32. It is obvious, therefore, that when this suit is dismissed, and the Judge in charge of the administration suit is asked to appoint a receiver, it may be a question well worthy of consideration, whether the plaintiffs themselves should not be appointed receivers, inasmuch as they will virtually have to bear the expense of bringing the fresh suit. I entirely agree with Mr. Justice Norris, that it would have been highly improper under the circumstances to allow Ramdoss Coondoo to have the conduct of this suit in any way. A tradesman, who has had dealings with the Seal family, whose debt is only a small one (some Rs. 2,000), who is actually offered payment of that debt, and refuses to take the money, in the hope of being entrusted, with the bringing this suit against the Seal family, is certainly not the sort of person whom any Court would select to have the conduct of such a suit. He must either have a craving after costs, which, to say the least of it, is not a good trait in a receiver, or he must have some other reason, perhaps even less creditable, for wishing the conduct of the suit to be placed in his hands.

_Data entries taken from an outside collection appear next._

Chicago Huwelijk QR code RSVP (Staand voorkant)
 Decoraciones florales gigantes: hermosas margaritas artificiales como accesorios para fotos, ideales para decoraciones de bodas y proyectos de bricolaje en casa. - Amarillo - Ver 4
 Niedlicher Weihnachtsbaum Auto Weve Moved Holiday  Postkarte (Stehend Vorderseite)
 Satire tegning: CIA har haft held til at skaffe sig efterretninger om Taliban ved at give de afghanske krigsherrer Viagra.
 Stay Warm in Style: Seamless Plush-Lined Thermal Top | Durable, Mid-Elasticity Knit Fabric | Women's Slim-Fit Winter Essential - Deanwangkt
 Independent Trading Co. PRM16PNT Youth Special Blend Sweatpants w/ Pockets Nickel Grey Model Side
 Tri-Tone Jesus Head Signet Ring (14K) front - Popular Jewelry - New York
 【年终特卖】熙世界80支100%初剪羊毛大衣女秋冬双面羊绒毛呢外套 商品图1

33. It, therefore, as far as I can see, comes to this; that when a receiver is appointed, the persons after all really interested in the suit, and paying the expense of it, and winning the risk of it, will be the plaintiffs, and the real defendants will be in no better position as against the receiver, whoever he may be, than they are now against the plaintiffs. In either case, I presume, they would be entitled to security for costs, if they choose to ask for it, and in either case, they are secure, as far as I can see, from being sued over again for the same cause of action.
34. Indeed, I do not know that the defendants will have effected any other result by the objection which they have taken, than to put themselves and the other parties to the suit to a good deal of unnecessary expense.
35. Under these circumstances, although, as I said before, I defer to the opinion of my two learned brothers upon this, which seems to me a mere question of procedure, I do not think it right to give the respondents any costs, for two reasons-
(1) In the first place, I consider their objection to have been a technical one, advanced for no bond fide object, but merely for the purpose of putting the plaintiffs to expense and trouble, by obliging them to bring their suit in a different form; and
(2) (Which is to my mind the more cogent reason), because hitherto there has been no authority in this country, deciding that a suit in this form cannot be brought; whereas, on the other hand, there is a direct authority that such a suit can be brought, inasmuch as the case of Greender Chnnder Ghose v. Mackintosh I.L.R. 4 Cal. 897 is a precedent for such a suit in this very Court. And it must not be forgotten that the Judge in the administration suit, who, as I consider, ought to have the selection of the plaintiffs in a suit of this kind, had sanctioned the suit in this form.
36. For these reasons, I think that, whatever view the learned Judge may have taken as to the form of the suit, no costs ought to have been allowed to the defendants in the Court below, and I certainly do not feel justified in allowing them any costs in this Court.
37. The appeal will, therefore, be dismissed without costs.